Stored data section start

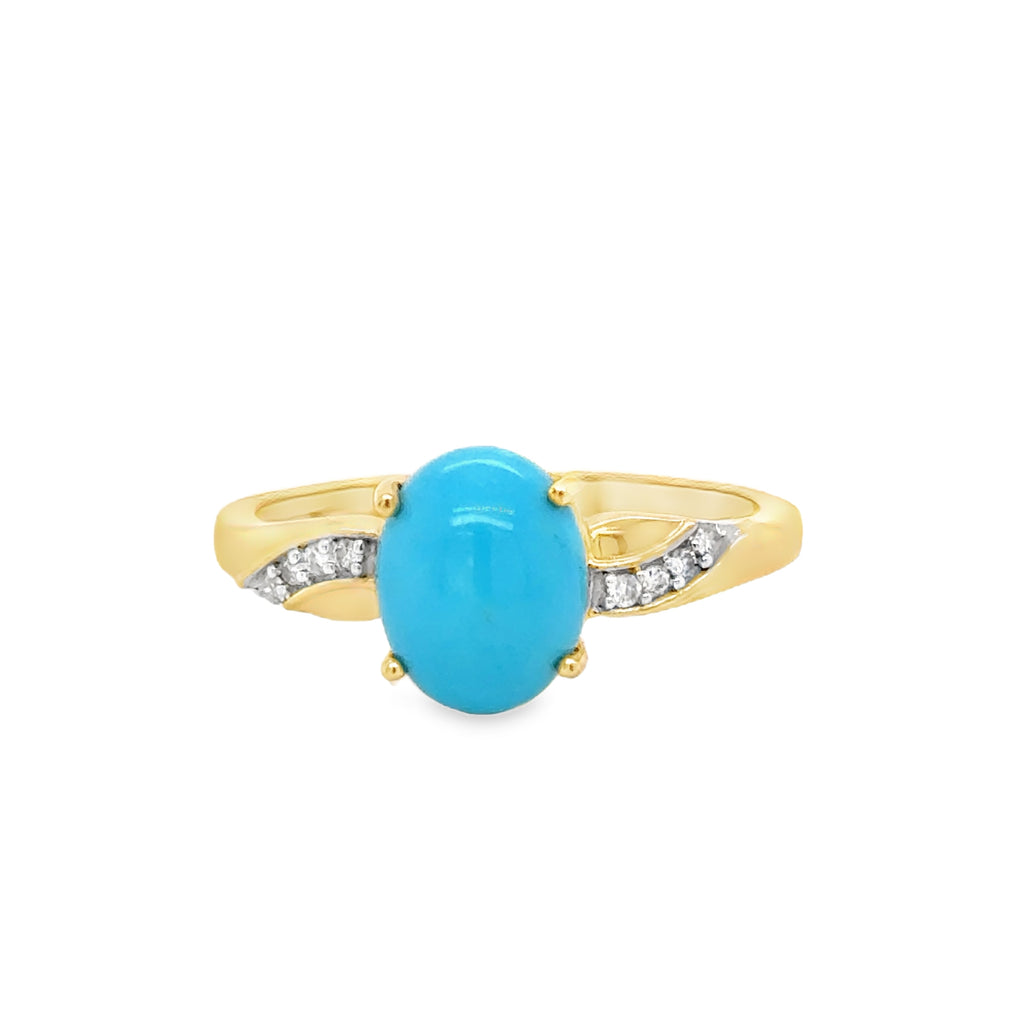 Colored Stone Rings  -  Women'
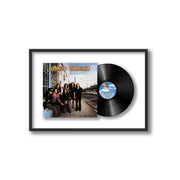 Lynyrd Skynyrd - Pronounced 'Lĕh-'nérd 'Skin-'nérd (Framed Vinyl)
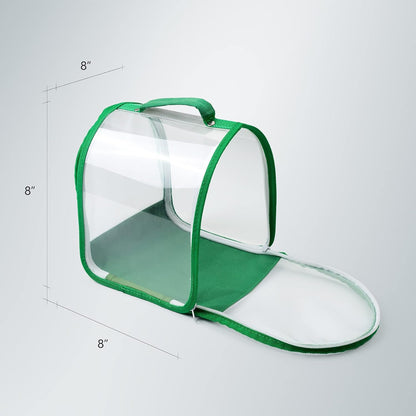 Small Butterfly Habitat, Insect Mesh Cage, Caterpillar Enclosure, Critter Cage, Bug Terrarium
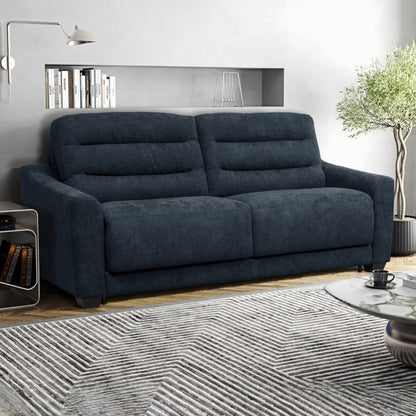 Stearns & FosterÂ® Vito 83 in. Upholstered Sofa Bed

Stored data section end

#### Problem details:
All the material above should be written out exactly, with images omitted.

#### Answer space:
 Colored Stone Rings  -  Women'
 Lynyrd Skynyrd - Pronounced 'Lĕh-'nérd 'Skin-'nérd (Framed Vinyl)
 Small Butterfly Habitat, Insect Mesh Cage, Caterpillar Enclosure, Critter Cage, Bug Terrarium
 Stearns & FosterÂ® Vito 83 in. Upholstered Sofa Bed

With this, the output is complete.